_WORK ORDER_: Would you print every entry below exactly as written, omitting the images?

_INPUT DATA_:
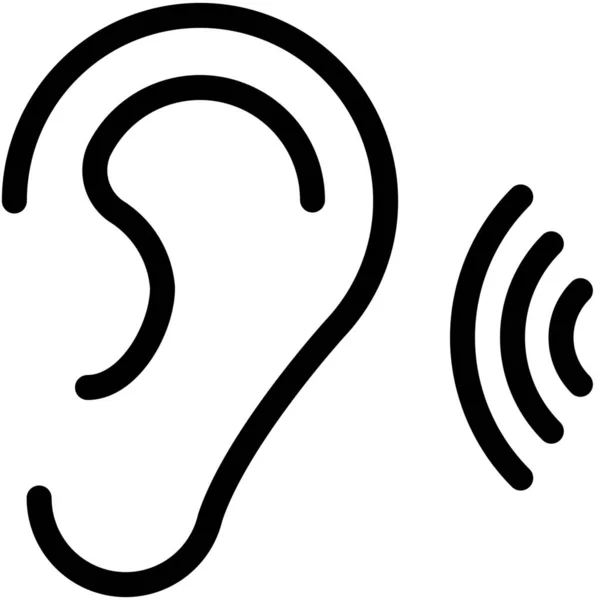 Icône Auditive Oreille Audio Dans Style Contour — Image vectorielle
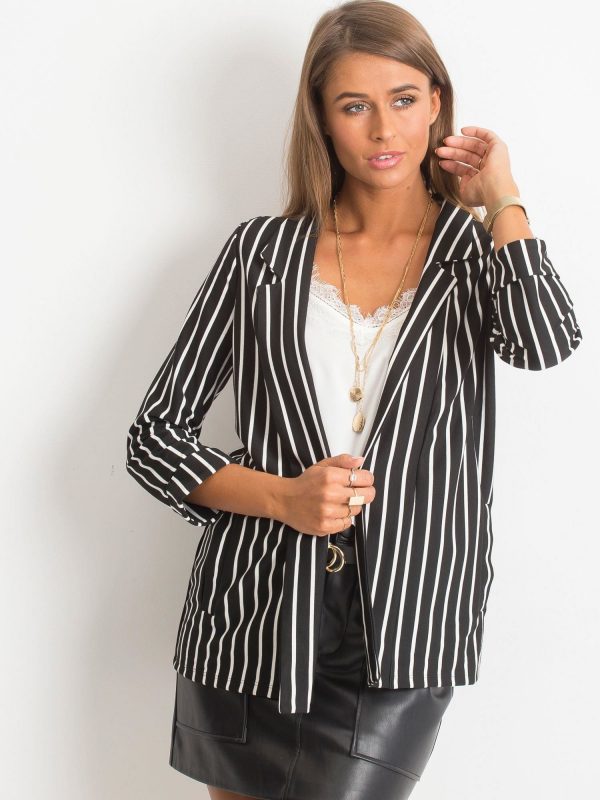 RUE PARIS Black and White Memphis Blazer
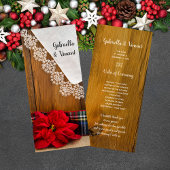 Rustic Poinsettia en Pset Winter Wedding Programme Programmakaart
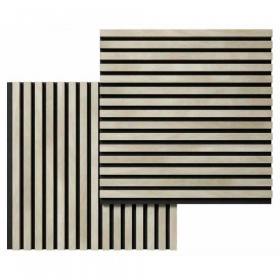 Акустическая панель, черный войлок, 600х600х19мм, рейки МДФ ясень кристалл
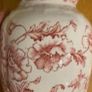Victorian Red Transferware Porcelain Vase Image 3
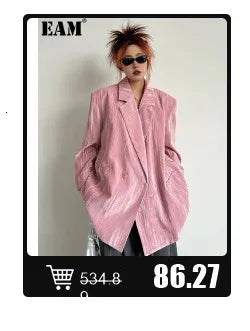 EAM Gray Spliced Pleated Personality Blazer Women New Lapel Long Sleeve Loose Fit Jacket Fashion Tide Spring Autumn 2025 30A1252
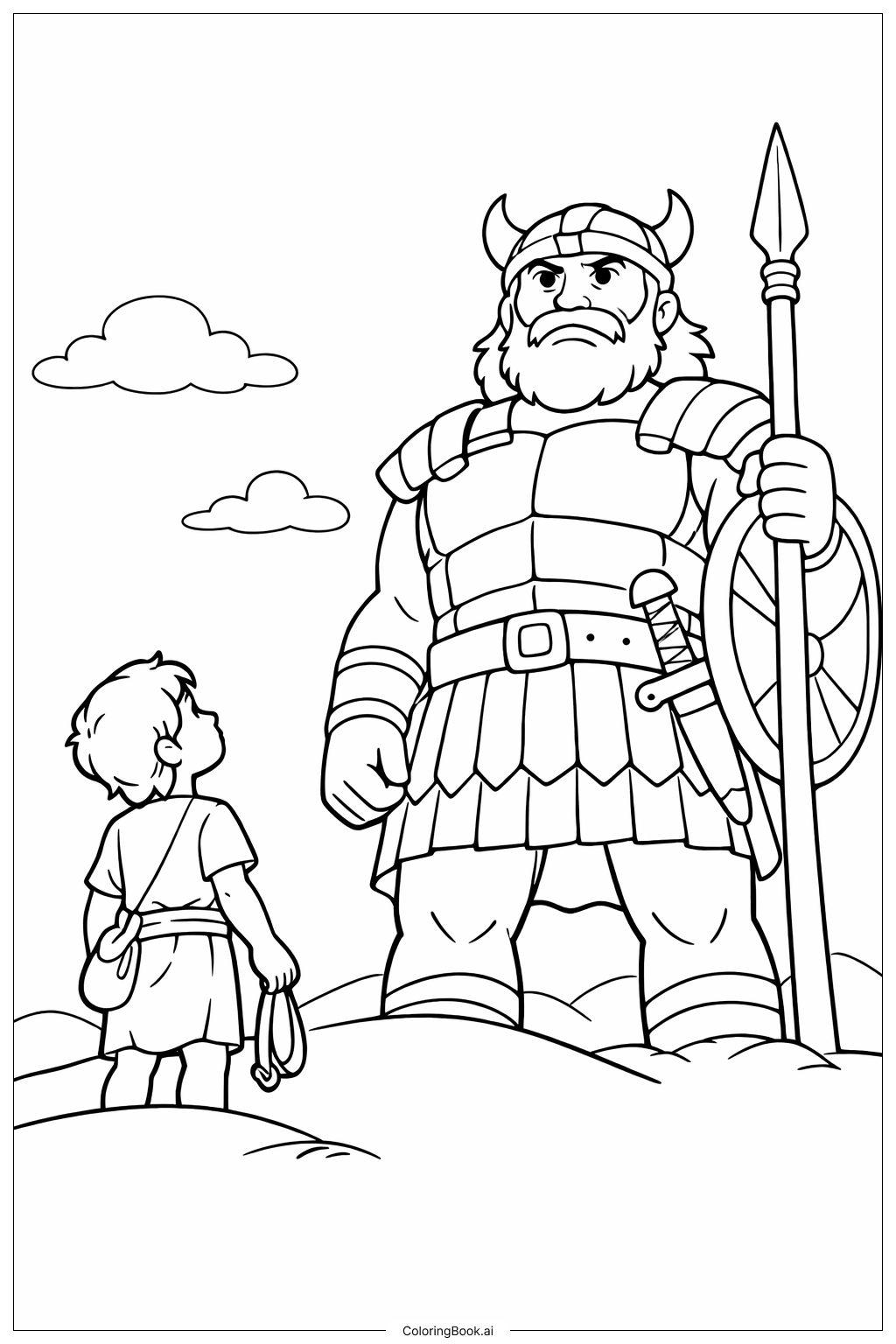  大衛與歌利亞仰望著色頁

_YOUR SOLUTION_:
 Icône Auditive Oreille Audio Dans Style Contour — Image vectorielle
 RUE PARIS Black and White Memphis Blazer
 Rustic Poinsettia en Pset Winter Wedding Programme Programmakaart
 Акустическая панель, черный войлок, 600х600х19мм, рейки МДФ ясень кристалл
Victorian Red Transferware Porcelain Vase Image 3
 EAM Gray Spliced Pleated Personality Blazer Women New Lapel Long Sleeve Loose Fit Jacket Fashion Tide Spring Autumn 2025 30A1252
  大衛與歌利亞仰望著色頁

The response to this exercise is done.